Sufjan Steven’s struggle with Christianity is no secret. Religion is a theme that permeates every inch of his music – implicitly or otherwise. Bouts of revelation are tinged with a dark underside of death, melancholy, and broken souls. I’m personally not a religious man, but seeing Sufjan perform was a transcendent and holy experience. Every aspect of the show was cloaked in iconography; from the video displays set up subversively like stained glass windows depicting the stories of his life, to the roving beams of white light illuminating Sufjan and the masses witnessing his sermon. To step into QPAC was to step into St Peters Basilica.
The performance centred on the narrative of his latest record, Carrie & Lowell; a story of life and death, and the love he shared with his mother & father. Opening with ‘Death With Dignity’, Sufjan brought the crowd immediately into the painful headspace of the record. He was a strange figure on stage: a man clad in black (wearing a death metal tee), with a green trucker cap tucked into the back of his jeans. Of course, his musical ability was astounding – he bounced from one instrument to the next with ease and comfort. And the live renditions of typically bare tracks like ‘All of Me Wants All of You’ were brought to life in unexpected and inexplicable ways.
The key moment of the show was the ending to ‘Fourth of July’ – a particularly morbid track about the death of his mother. The final lyrics of the song – “we’re all gonna die” – repeated for what felt like an exhausting 30 minutes, as the band and Sufjan built the coda into an angry, passionate rage. It was impossible to not feel incredibly insignificant whilst Sufjan screamed “we’re all gonna die” with such purpose that one would believe death would come when the song ended.

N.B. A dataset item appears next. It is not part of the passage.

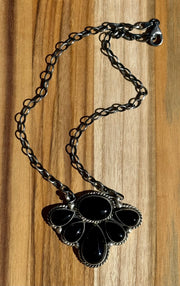Black Onyx 17 inch Half Cluster Necklace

The encore took on a more relaxed vibe. Sufjan changed out of his black outfit into an orange tee and flowing parachute pants to perform an acoustic set with the band around one microphone. Here Sufjan delved into his archive of beautiful songs, closing with the famous ‘Chicago’ and joined with the support of the beautiful and talented Australian singer Ngaiire.
Most importantly, Sufjan gave it everything he had – at one point wiping away tears in remembrance of his parents. To bare oneself so painfully in front of an audience should be commended. How he does this night after night I will never understand.